Output each of the entries exactly, skipping every picture they contain.
-- THE INPUT follows --
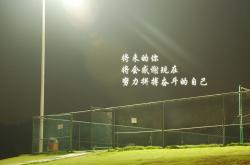 开云体育app-唯一性之夜，当斯洛伐克的钢铁洪流碾过波斯铁骑，巴雷拉在2026世界杯封神
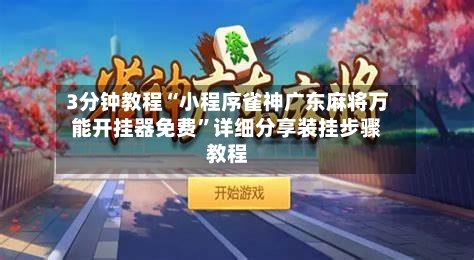 3分钟教程“小程序雀神广东麻将万能开挂器免费	”详细分享装挂步骤教程-第2张图片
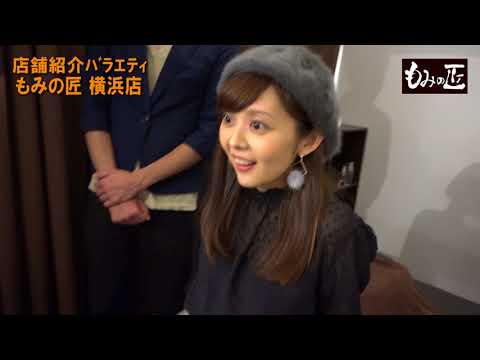 横浜店 店舗動画2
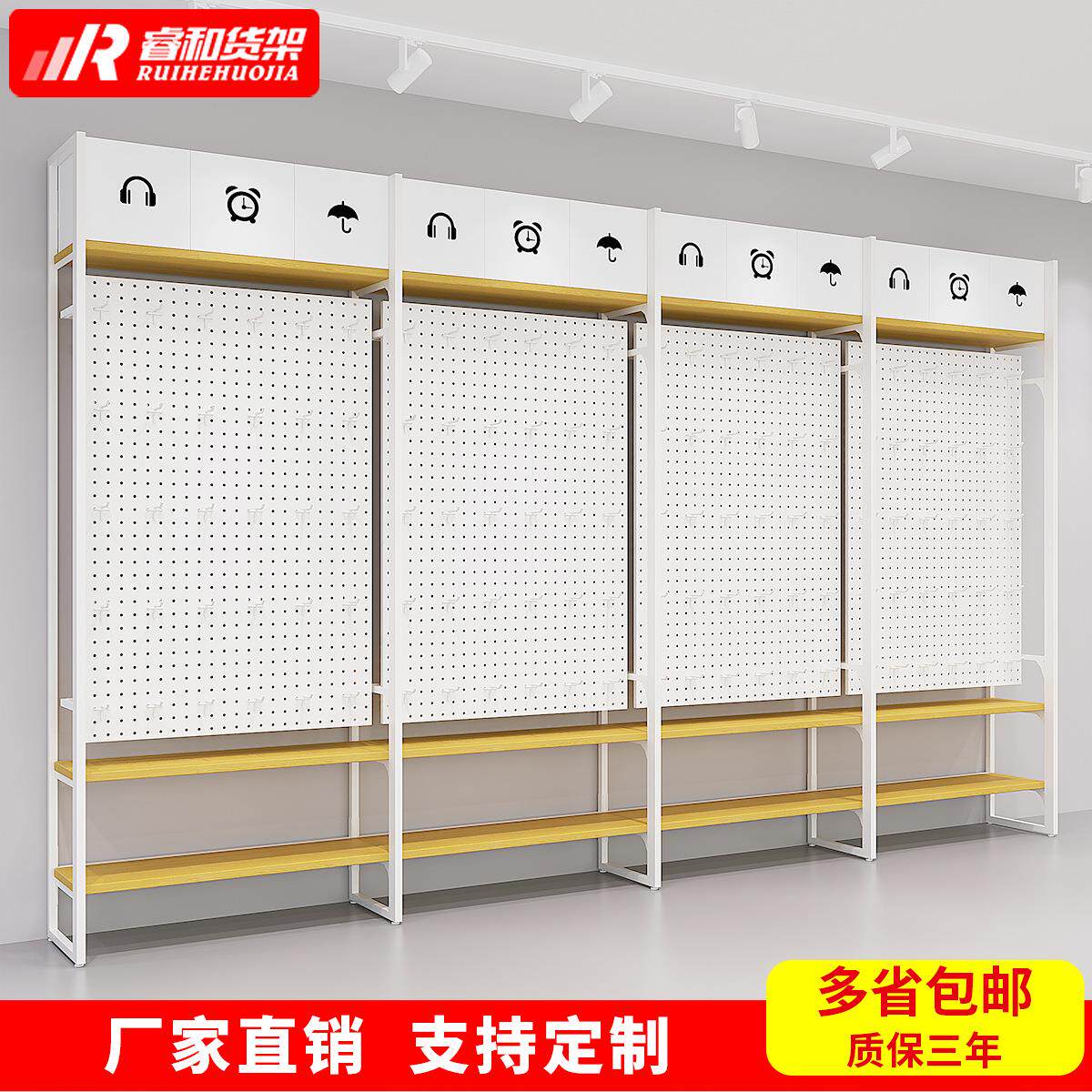 名创货架子精品饰品店宠物文具货架优品谷子潮玩店挂钩手机展示柜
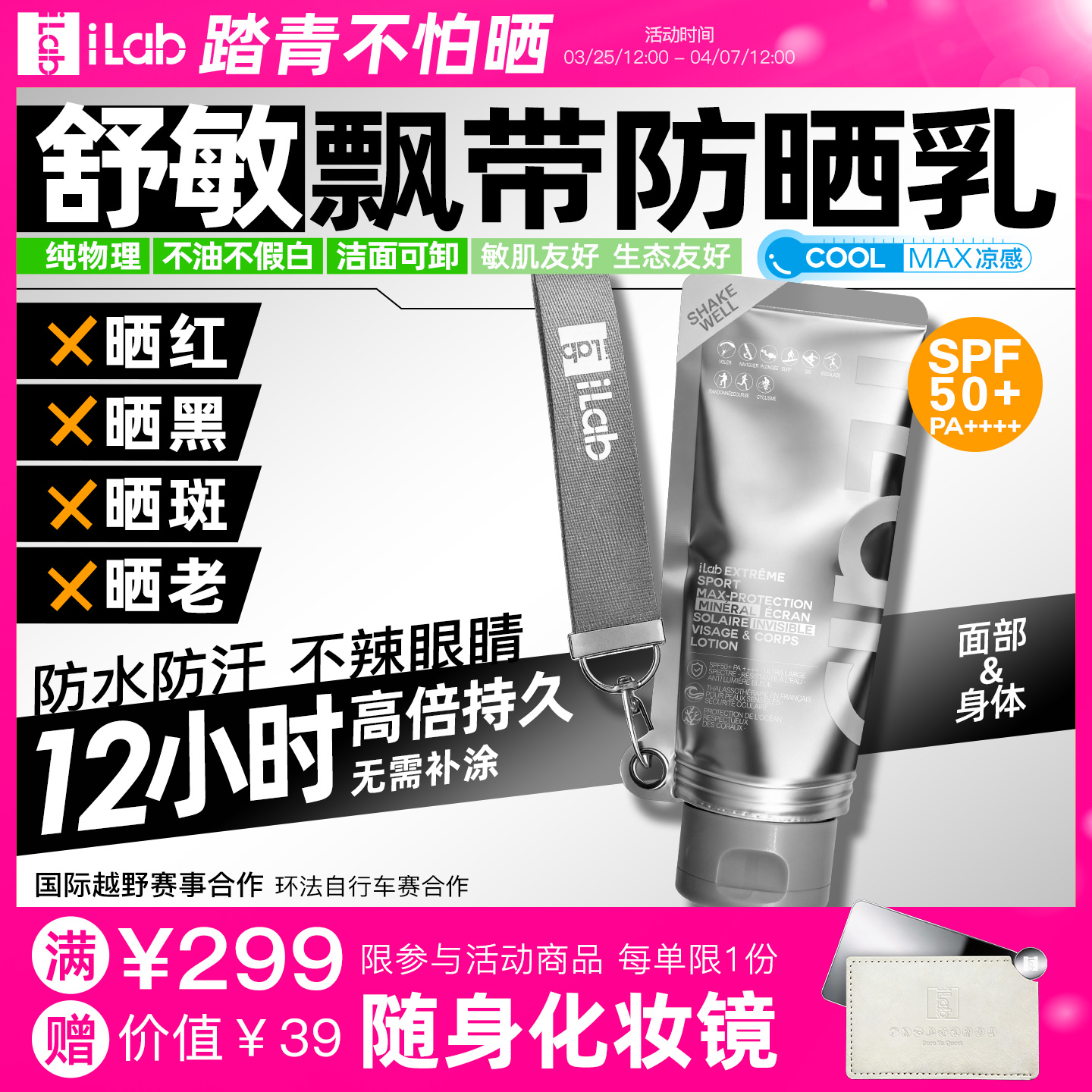 iLab艾莱博飘带防晒乳(舒敏)面部及身体/12小时/防水防汗/不辣眼睛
-- THE INPUT concluded --
### EXERCISE ANSWER
 开云体育app-唯一性之夜，当斯洛伐克的钢铁洪流碾过波斯铁骑，巴雷拉在2026世界杯封神
 3分钟教程“小程序雀神广东麻将万能开挂器免费	”详细分享装挂步骤教程-第2张图片
 横浜店 店舗動画2
 名创货架子精品饰品店宠物文具货架优品谷子潮玩店挂钩手机展示柜
 iLab艾莱博飘带防晒乳(舒敏)面部及身体/12小时/防水防汗/不辣眼睛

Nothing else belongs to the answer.